Notes | to Condensed Consolidated Financial Statements (Unaudited) |
Amounts in thousands, except unit data
1. | Business |
Agro Merchants Global, L.P. and its subsidiaries (collectively the Company, Agro Global we or us) provide cold chain logistic services to its customers which include storage, packaging, material handling, blast freezing, and certain transportation and logistics with an emphasis on the import/export of food related product handling services.
The Company was formed as a Cayman Islands exempted limited partnership on July 22, 2013. As of September 30, 2020, 87.22% of the Company was owned by funds managed by Oaktree Capital Management, L.P. (the Parent) and 12.78% were owned by other limited partners.
The Company owns and operates through its indirectly owned subsidiaries Agro Merchants North America Holdings, LLC. (Agro NA), Agro Merchants European Holdings, L.P. (Agro EU), Agro Merchants LATAM Holdings, L.P. (Agro LATAM) and Agro Merchants APAC S.à r.l. (Agro APAC) modern temperature-controlled warehouses and distribution space across the United States, Europe, South America and Australia.

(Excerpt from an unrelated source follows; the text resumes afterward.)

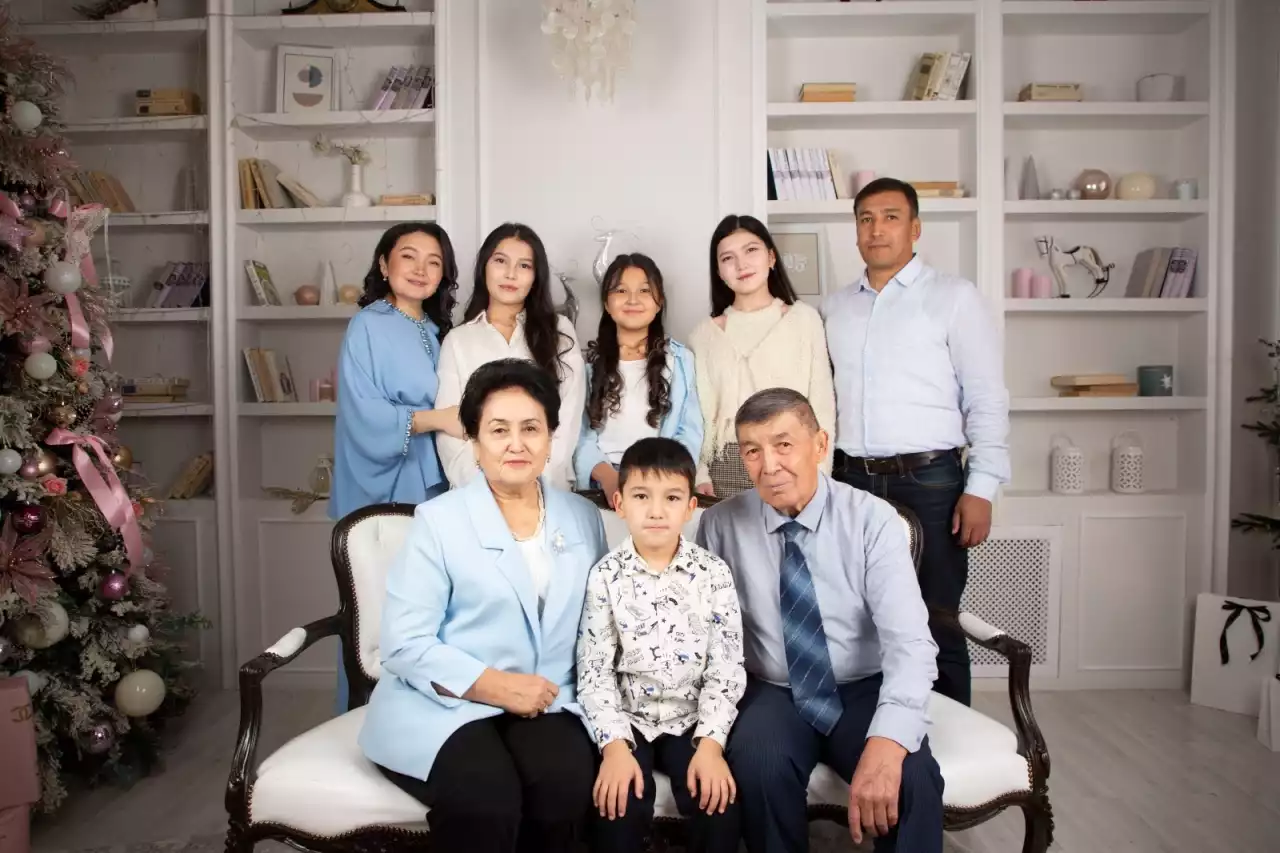 Ұстаздық жолды ұстаным еткен әулет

2. | Summary of Significant Accounting Policies |
Basis of Presentation and Principles of Consolidation
The condensed consolidated financial statements as of and for the nine months ended September 30, 2020 and September 30, 2019 of the Company are unaudited and have been prepared in accordance with the requirements for quarterly reports, and consequently, do not include all of the information and footnote disclosures required by accounting principles generally accepted in the United States (US GAAP) for annual financial statements. As permitted under those rules, certain footnotes or other financial information have been condensed or omitted. In the opinion of the Company, the accompanying unaudited condensed financial statements contain all adjustments, consisting of only normal recurring adjustments, necessary for a fair statement of its financial position as of September 30, 2020 and its results of operations for the nine months ended September 30, 2020, and 2019, and cash flows for the nine months ended September 30, 2020, and 2019. The condensed balance sheet at December 31, 2019, was derived from audited annual financial statements but does not contain all of the footnote disclosures from the annual financial statements.

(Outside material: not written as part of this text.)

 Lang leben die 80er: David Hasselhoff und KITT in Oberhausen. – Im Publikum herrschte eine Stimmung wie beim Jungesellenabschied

The accounting policies set out below have been applied consistently to the periods presented in these unaudited condensed consolidated financial statements. The unaudited condensed consolidated financial statements include the accounts and activities of the Company and its subsidiaries. Fifty percent or less owned companies, which are not variable interest entities of which the Company is the primary beneficiary, and for which the Company exercises significant influence but does not control, are accounted for under the equity method. Intercompany accounts and transactions among entities included in the unaudited condensed consolidated financial statements have been eliminated.

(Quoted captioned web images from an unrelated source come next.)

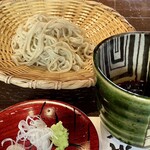 たでの葉 - 〆の手打ち蕎麦
      北海道は弟子屈町の蕎麦粉を使った二八蕎麦、やはり小鶴氏の手打ち蕎麦はサラッといただけて締めにぴったりです♪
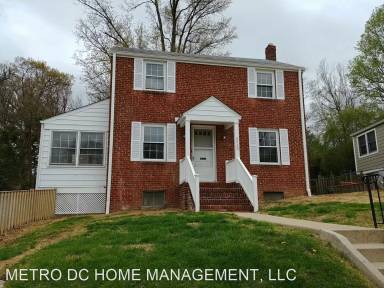 Main picture of 2430 N Powhatan St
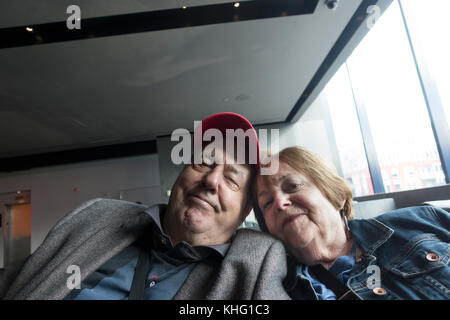 "Infamous"-Fotograf Steve skjold feiert sein 50 Jahr der Ehe mit seiner Braut Maria am Guthrie Theater. Minneapolis Minnesota mn Usa Stockfoto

These unaudited Condensed Consolidated Financial Statements should be read in conjunction with the audited Consolidated Financial Statements and Notes for the year ended December 31, 2019, which was issued on April 30, 2020.
7
Agro Merchants Global, L.P.
Notes | to Condensed Consolidated Financial Statements (Unaudited) |
Amounts in thousands, except unit data
Significant Risks and Uncertainties
In March 2020, the World Health Organization recognized the novel strain of coronavirus, COVID-19, as a pandemic. The United States, various other countries and state and local jurisdictions have imposed, among other things, travel and business operation restrictions intended to limit the spread of the COVID-19 virus and have advised or required individuals to adhere to social distancing or limit or forego their time outside of their home. This pandemic and the governmental response have resulted in significant and widespread economic disruptions to, and uncertainty in, the global and U.S. economies, including in the regions in which the Company operates. In many jurisdictions, the Company and its customers were deemed essential businesses and continued to operate, reducing the impact of these restrictions on its operations and results for the nine months ended September 30, 2020. However, the Companys management cannot reliably predict the future impact of the pandemic and the governmental response to the pandemic on the Companys operations and future results.
Reclassifications
Certain amounts in the prior years audited consolidated financial statements have been reclassified to conform to the current year presentation these reclassifications were between accounts payable and accrued liabilities.
Foreign Currency Transaction Gains and Losses
Transaction gains and losses that arise from exchange rate fluctuations on transactions denominated in a currency other than the functional currency are included in the Consolidated Statements of Operations in other income (expense), net and primarily relate to unrealized gains (losses) associated with US dollar denominated debt recorded in the functional currencies of subsidiaries in Europe and Australia. Net foreign currency transaction gains and losses included in the determination of net loss were approximately $2.7 million loss and approximately $10 million loss for the periods ended September 30, 2020 and September 30, 2019, respectively.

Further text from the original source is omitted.